I myself would not want to linger on and on with a lot of pain. I have one friend now that is at the end road with cancer. There is no more treatments that will do any good. It is very sad. Lj

Lela (author) from Somewhere near the heart of Texas on March 20, 2011:

I'm not sure if you're asking how to avoid or cure cancer, or how to die using natural products.

There is no cure for cancer, natural or otherwise. As we age, cancerous cells form because they lose their ability to "get it right". The DNA, RNA etc. are all damaged by age and overuse. Our bodies are completely replaced with new cells every so often and as long as the "message" is good, everything is all right.

As to euthanasia, there are countries that will supply that service for a fee. It's an individual decision.

Hope this helps.

lightning john from Florida on March 20, 2011:

Hi AustinStar, In the book Healing And The Mind, they interview people with cancer and places that actually help them in their exit out. Do you think that these so called natural products work. I would be trying anything and everything.

Lela (author) from Somewhere near the heart of Texas on March 20, 2011:

You may request that comfort meds be given to your mom. It may be exactly what she needs and wants.
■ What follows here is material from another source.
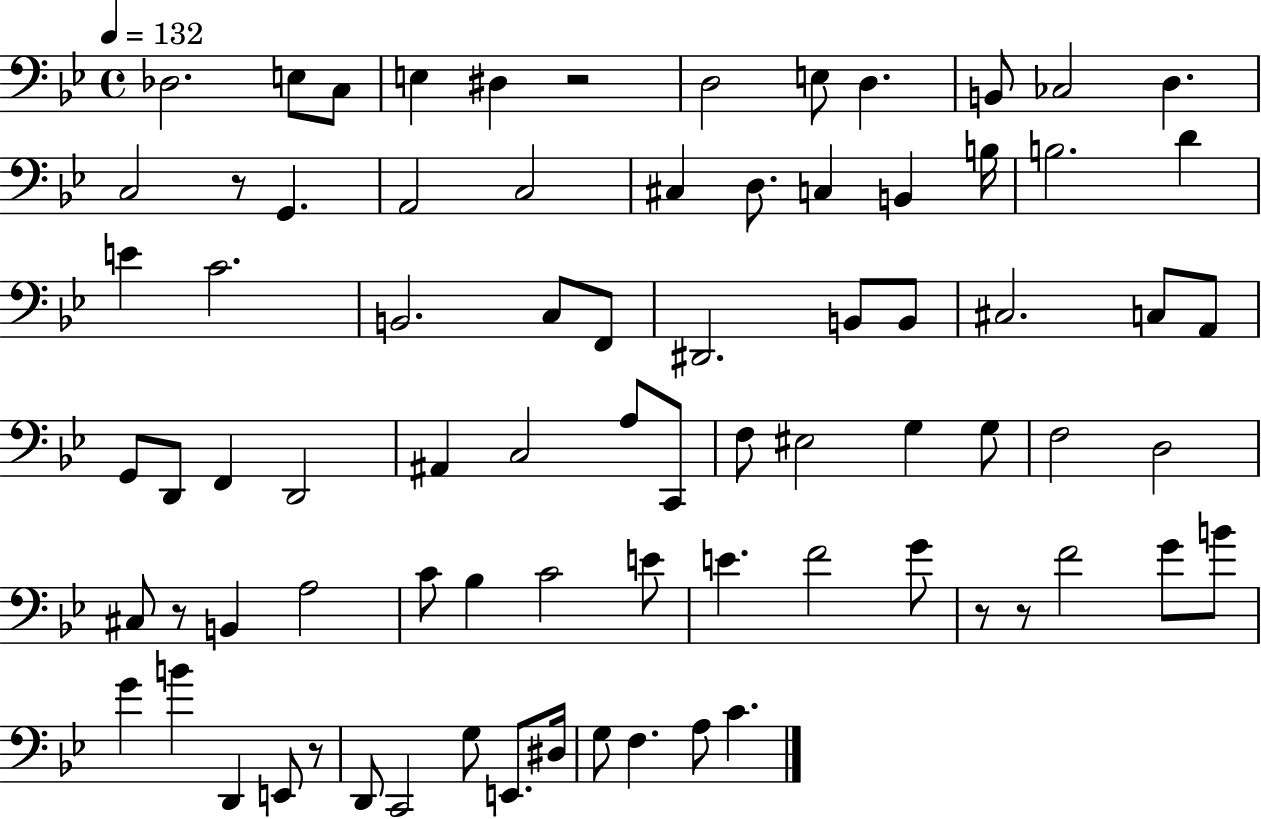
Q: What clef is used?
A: bass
None of us want to see or do the dying part of life, but we cannot escape it. I'm sad to hear that your mom is not doing well. My condolences go out to all who have to go through this.

Focus on the good parts of life. I hope there were many.
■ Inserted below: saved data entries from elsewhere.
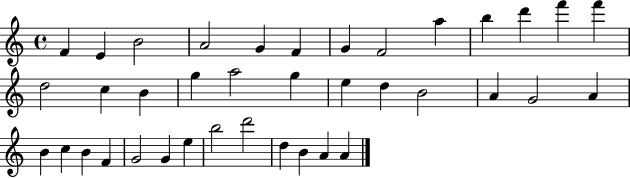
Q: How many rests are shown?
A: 0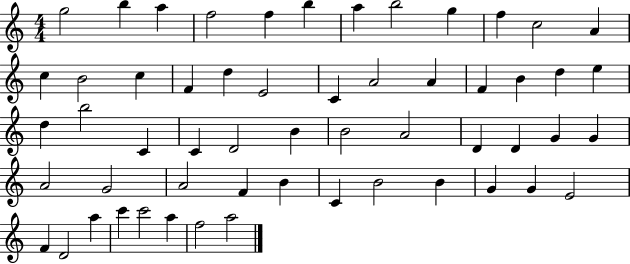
X:1
T:Untitled
M:4/4
L:1/4
K:C
g2 b a f2 f b a b2 g f c2 A c B2 c F d E2 C A2 A F B d e d b2 C C D2 B B2 A2 D D G G A2 G2 A2 F B C B2 B G G E2 F D2 a c' c'2 a f2 a2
kathyshouse on March 20, 2011:

HI. I really didn't want to read this, but i was drawn to know the truth. Mom is not doing well, she is in advanced stages of her lung cancer. Its a hard time for all. Your article was concise and came across to me as very compassionate also easy reading for even those who are currently hurting. Very tasteful and to the point. Thanks, I for one needed this simplified version without all the frills. Sad time for all. Please pray for moms comfort.

BlackSea on February 15, 2011:

Absolutely Fantastic hub, very well written article, it will give good feedback to the googlers out there......SB

Paula from The Midwest, USA on November 15, 2010:

This was hard to read but is likely going to be very helpful to some people out there. Its encouraging for people to keep taking care of themselves too, I am sure.
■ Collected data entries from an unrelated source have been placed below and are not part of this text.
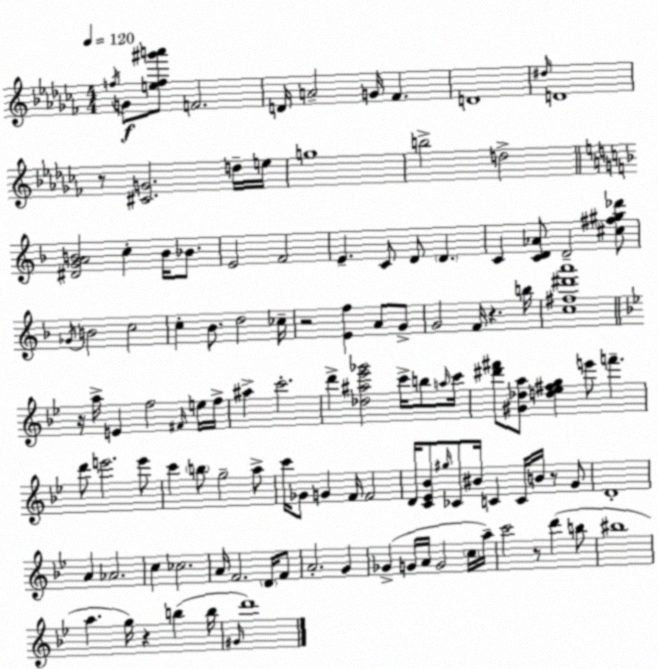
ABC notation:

X:1
T:Untitled
M:4/4
L:1/4
K:Abm
f/4 G/2 [ef^g'a']/2 F2 D/4 A2 G/4 _F D4 ^d/4 D4 z/2 [^CG]2 d/4 e/4 g4 b2 d2 [^DGAB]2 c B/4 _B/2 E2 F2 E C/2 D/2 D C [CD_A]/2 D2 [^c^f^g_d']/2 _G/4 B2 c2 c _B/2 d2 _c/4 z2 [Ef] A/2 G/2 G2 F/4 z b/4 [c^f^d'a']4 z/4 a/4 E f2 ^F/4 e/4 f/4 ^a c'2 d' [_d^a_e'_g']2 c'/4 b/2 a/4 c'/4 [^d'^f']/2 [^G_da]/2 [d_e^fg] e'/2 f' d'/2 e'2 e'/2 c' b/2 g2 a/2 c'/4 _G/2 G F/4 F2 D/4 [C_E_B]/2 ^g/4 _C/2 ^B/4 C C/4 B/4 z/2 G/2 D4 A _A2 c _c2 A/4 F2 D/4 F/2 A2 G _G G/4 A/4 G2 c/4 a/4 c'2 z/2 d' b/2 ^b4 a g/4 z b b/4 ^G/4 d'4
cyberbiztoday from California on October 11, 2010:

Nice article..Check my article as well on Cancer :


James A Watkins from Chicago on August 14, 2010:

It's a sad world. I have had an aunt and one of my uncles die of lung cancer in the past year. Thanks for this valuable information.

Lela (author) from Somewhere near the heart of Texas on July 19, 2010:

Hi Katie and Audrey, I hope that some good will come of this hub. My neighbor just had a lobectomy for cancer in her lung and she hasn't snapped to the fact yet that she will probably die from it. She's still smoking a week after the lobectomy. I can't get her to even consider quitting.

I watch people die at the hospital all the time and though it happens to all, it's sad to see some of the pain it causes. It doesn't have to be that way.

You girls are great nieces, I can tell!

Audrey Kirchner from Washington on July 19, 2010:

Very concise indeed - my uncle died of lung cancer after he had had part of his lung removed. Sad thing - my sister-in-law also got it and she had never smoked or been exposed to smoke so you just never know. Thanks for the good information, Lela!

Katie McMurray from Ohio on July 19, 2010:

What a clear and easy read, while I do feel the pain and loss of a loved one, my uncle is currently living with one lung and experiencing what you speak of it is helpful to know. I especially like the part about going to sleep, sometimes you can hear him struggle to breath and other times you don't hear him at all, it's then I wonder, he's still here. Great read and thank you! Peace be with all!